### CUSUM of AUCs using Detecta package

This is an implementation of detecting a sudden drift scenario using the CUSUM algorithm from the detecta package.


Day 0-99 are samples from one distribution which has AUCs 0.86 and Day 100-199 are samples from another distribution with classificatiAUCs 0.80


In [1]:
# Imports
%matplotlib inline
%config InlineBackend.figure_formats = ['svg']

import numpy as np
import matplotlib
import matplotlib.pyplot as plt
from matplotlib import cm # Colormaps
import matplotlib.gridspec as gridspec
from mpl_toolkits.axes_grid1 import make_axes_locatable
import seaborn as sns

sns.set_style('darkgrid')
np.random.seed(42)
#

In [2]:
# Load Data - AUC 0.86 and  AUC 0.80
data86 = np.load('d0-AUC.86.npy')
data80 = np.load('d5-AUC.80.npy')

In [3]:
#print(data86.shape)
#print(data80.shape)

In [None]:
import sklearn
#print(samples.shape)
from sklearn.neural_network import MLPClassifier
from sklearn.model_selection import train_test_split
from sklearn.metrics import roc_auc_score
from sklearn.model_selection import GridSearchCV
import warnings
warnings.filterwarnings('always') 
warnings.filterwarnings('ignore')

#--------------------------------------------------------
# Train Classifier - MLP
#--------------------------------------------------------
samples = data86[:,[0,1]]
labels = data86[:,2]


X_train, X_test, y_train, y_test = train_test_split(samples, labels, test_size=0.20, random_state=5)
print("Train",X_train.shape)
print("Test",X_test.shape)
mlp = MLPClassifier(hidden_layer_sizes=(2,4,4,1), activation='relu', solver='adam', max_iter=2000,learning_rate_init=0.001,learning_rate="constant",random_state=4,shuffle=True,batch_size=8)
mlp.fit(X_train,y_train)
predict_train = mlp.predict(X_train)
#predict_test = mlp.predict(X_test)

#Evaluate the Model
from sklearn.metrics import classification_report,confusion_matrix
print(confusion_matrix(y_train,predict_train))
print(classification_report(y_train,predict_train))
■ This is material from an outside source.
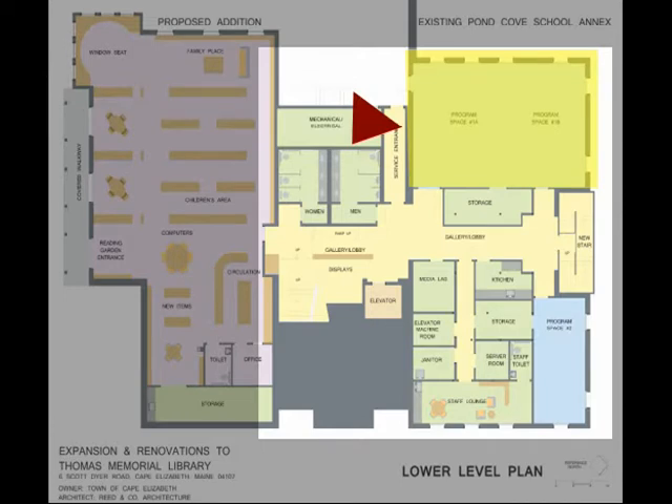The large, dividable meeting room — program space number one — accommodates up to 130 people and has storage space for chairs and tables adjacent. The existing floor structure in this area will be reworked to increase the ceiling height. Public bathrooms and the elevator are accessible to all during non-library hours. There is additional support space such as the janitor's closet, server room, break room, and mechanical and electrical rooms in the lower level.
tn, fp, fn, tp = confusion_matrix(y_train,predict_train).ravel()
specificity = tn / (tn+fp)

AUC = roc_auc_score(y_train,predict_train)
print("Specificity:", specificity)
print("AUC:", AUC)
#print(predict_train.shape)

Train (16800, 2)
Test (4200, 2)


In [None]:
import random

arr = np.empty((0,2), int)
print(arr.shape)
X_test.shape[0]
#help(np.random.choice)
number_of_rows = X_test.shape[0]
random_indices = np.random.choice(number_of_rows, 
                                  size=10, 
                                  replace=False)
#random_indices
#print(random_indices[[0]])
X_test[random_indices,:].shape

In [None]:
# Random samples from test set (day0-day99)
# import modules
import random
test_days = 0
test_AUC =  np.array([])
while (test_days < 100):
    test_samples = np.array([])
    test_labels = np.array([])
    

    number_of_rows = X_test.shape[0]
    random_indices = np.random.choice(number_of_rows, 
                                  size=50, 
                                  replace=False)
    
    
    test_samples = X_test[random_indices,:]
    test_labels  = y_test[random_indices]
    #test_samples.shape
    #print(y_test.shape)
    #test_labels

    predict_test = mlp.predict(test_samples)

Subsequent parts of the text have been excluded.